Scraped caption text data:
────────────────

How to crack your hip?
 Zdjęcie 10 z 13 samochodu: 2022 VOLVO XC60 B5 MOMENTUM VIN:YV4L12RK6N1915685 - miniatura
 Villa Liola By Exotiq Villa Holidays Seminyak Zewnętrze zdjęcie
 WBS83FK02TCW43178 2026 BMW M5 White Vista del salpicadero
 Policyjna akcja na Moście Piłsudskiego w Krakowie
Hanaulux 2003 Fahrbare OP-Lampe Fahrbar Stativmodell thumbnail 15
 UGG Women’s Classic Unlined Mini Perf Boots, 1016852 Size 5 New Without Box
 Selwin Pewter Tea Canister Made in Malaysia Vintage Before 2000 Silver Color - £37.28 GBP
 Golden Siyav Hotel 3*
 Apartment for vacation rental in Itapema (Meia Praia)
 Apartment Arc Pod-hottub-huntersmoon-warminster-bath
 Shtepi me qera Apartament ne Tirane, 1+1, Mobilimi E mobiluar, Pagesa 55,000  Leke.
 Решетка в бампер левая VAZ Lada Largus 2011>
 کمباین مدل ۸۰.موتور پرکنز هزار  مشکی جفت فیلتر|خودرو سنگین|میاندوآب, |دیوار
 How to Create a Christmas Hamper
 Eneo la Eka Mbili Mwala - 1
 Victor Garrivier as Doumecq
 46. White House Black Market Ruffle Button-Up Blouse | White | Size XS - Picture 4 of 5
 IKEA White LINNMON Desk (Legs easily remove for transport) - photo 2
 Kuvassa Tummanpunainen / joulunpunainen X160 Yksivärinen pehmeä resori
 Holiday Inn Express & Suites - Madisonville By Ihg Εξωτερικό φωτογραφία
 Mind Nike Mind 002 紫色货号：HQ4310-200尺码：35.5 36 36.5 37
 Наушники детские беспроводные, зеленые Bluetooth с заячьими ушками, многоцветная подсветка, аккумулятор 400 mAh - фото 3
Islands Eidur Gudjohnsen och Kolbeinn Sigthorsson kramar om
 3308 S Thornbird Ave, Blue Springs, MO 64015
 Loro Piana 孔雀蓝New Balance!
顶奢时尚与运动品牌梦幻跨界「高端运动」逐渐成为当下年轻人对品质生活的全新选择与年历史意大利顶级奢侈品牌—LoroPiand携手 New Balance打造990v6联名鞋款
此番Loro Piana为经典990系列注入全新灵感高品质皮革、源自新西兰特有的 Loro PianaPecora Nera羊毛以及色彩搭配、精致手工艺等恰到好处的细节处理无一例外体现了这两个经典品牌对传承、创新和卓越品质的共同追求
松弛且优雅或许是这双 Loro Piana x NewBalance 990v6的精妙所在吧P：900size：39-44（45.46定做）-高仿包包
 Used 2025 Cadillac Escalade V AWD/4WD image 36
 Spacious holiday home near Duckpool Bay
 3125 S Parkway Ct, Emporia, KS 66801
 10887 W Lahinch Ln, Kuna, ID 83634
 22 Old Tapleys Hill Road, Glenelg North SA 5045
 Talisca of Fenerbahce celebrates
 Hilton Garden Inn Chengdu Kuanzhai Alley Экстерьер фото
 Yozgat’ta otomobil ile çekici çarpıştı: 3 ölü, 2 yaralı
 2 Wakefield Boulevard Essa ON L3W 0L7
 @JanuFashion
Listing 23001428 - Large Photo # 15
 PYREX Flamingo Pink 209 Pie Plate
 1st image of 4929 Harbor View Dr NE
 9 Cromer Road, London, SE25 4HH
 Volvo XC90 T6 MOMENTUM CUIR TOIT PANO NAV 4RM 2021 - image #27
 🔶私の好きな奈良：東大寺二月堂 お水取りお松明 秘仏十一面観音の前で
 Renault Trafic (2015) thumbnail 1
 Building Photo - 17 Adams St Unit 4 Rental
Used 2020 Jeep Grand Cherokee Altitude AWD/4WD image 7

────────────────

Assignment: Each entry above must be repeated exactly, with nothing dropped.

Exercise result:
How to crack your hip?
 Zdjęcie 10 z 13 samochodu: 2022 VOLVO XC60 B5 MOMENTUM VIN:YV4L12RK6N1915685 - miniatura
 Villa Liola By Exotiq Villa Holidays Seminyak Zewnętrze zdjęcie
 WBS83FK02TCW43178 2026 BMW M5 White Vista del salpicadero
 Policyjna akcja na Moście Piłsudskiego w Krakowie
Hanaulux 2003 Fahrbare OP-Lampe Fahrbar Stativmodell thumbnail 15
 UGG Women’s Classic Unlined Mini Perf Boots, 1016852 Size 5 New Without Box
 Selwin Pewter Tea Canister Made in Malaysia Vintage Before 2000 Silver Color - £37.28 GBP
 Golden Siyav Hotel 3*
 Apartment for vacation rental in Itapema (Meia Praia)
 Apartment Arc Pod-hottub-huntersmoon-warminster-bath
 Shtepi me qera Apartament ne Tirane, 1+1, Mobilimi E mobiluar, Pagesa 55,000  Leke.
 Решетка в бампер левая VAZ Lada Largus 2011>
 کمباین مدل ۸۰.موتور پرکنز هزار  مشکی جفت فیلتر|خودرو سنگین|میاندوآب, |دیوار
 How to Create a Christmas Hamper
 Eneo la Eka Mbili Mwala - 1
 Victor Garrivier as Doumecq
 46. White House Black Market Ruffle Button-Up Blouse | White | Size XS - Picture 4 of 5
 IKEA White LINNMON Desk (Legs easily remove for transport) - photo 2
 Kuvassa Tummanpunainen / joulunpunainen X160 Yksivärinen pehmeä resori
 Holiday Inn Express & Suites - Madisonville By Ihg Εξωτερικό φωτογραφία
 Mind Nike Mind 002 紫色货号：HQ4310-200尺码：35.5 36 36.5 37
 Наушники детские беспроводные, зеленые Bluetooth с заячьими ушками, многоцветная подсветка, аккумулятор 400 mAh - фото 3
Islands Eidur Gudjohnsen och Kolbeinn Sigthorsson kramar om
 3308 S Thornbird Ave, Blue Springs, MO 64015
 Loro Piana 孔雀蓝New Balance!
顶奢时尚与运动品牌梦幻跨界「高端运动」逐渐成为当下年轻人对品质生活的全新选择与年历史意大利顶级奢侈品牌—LoroPiand携手 New Balance打造990v6联名鞋款
此番Loro Piana为经典990系列注入全新灵感高品质皮革、源自新西兰特有的 Loro PianaPecora Nera羊毛以及色彩搭配、精致手工艺等恰到好处的细节处理无一例外体现了这两个经典品牌对传承、创新和卓越品质的共同追求
松弛且优雅或许是这双 Loro Piana x NewBalance 990v6的精妙所在吧P：900size：39-44（45.46定做）-高仿包包
 Used 2025 Cadillac Escalade V AWD/4WD image 36
 Spacious holiday home near Duckpool Bay
 3125 S Parkway Ct, Emporia, KS 66801
 10887 W Lahinch Ln, Kuna, ID 83634
 22 Old Tapleys Hill Road, Glenelg North SA 5045
 Talisca of Fenerbahce celebrates
 Hilton Garden Inn Chengdu Kuanzhai Alley Экстерьер фото
 Yozgat’ta otomobil ile çekici çarpıştı: 3 ölü, 2 yaralı
 2 Wakefield Boulevard Essa ON L3W 0L7
 @JanuFashion
Listing 23001428 - Large Photo # 15
 PYREX Flamingo Pink 209 Pie Plate
 1st image of 4929 Harbor View Dr NE
 9 Cromer Road, London, SE25 4HH
 Volvo XC90 T6 MOMENTUM CUIR TOIT PANO NAV 4RM 2021 - image #27
 🔶私の好きな奈良：東大寺二月堂 お水取りお松明 秘仏十一面観音の前で
 Renault Trafic (2015) thumbnail 1
 Building Photo - 17 Adams St Unit 4 Rental
Used 2020 Jeep Grand Cherokee Altitude AWD/4WD image 7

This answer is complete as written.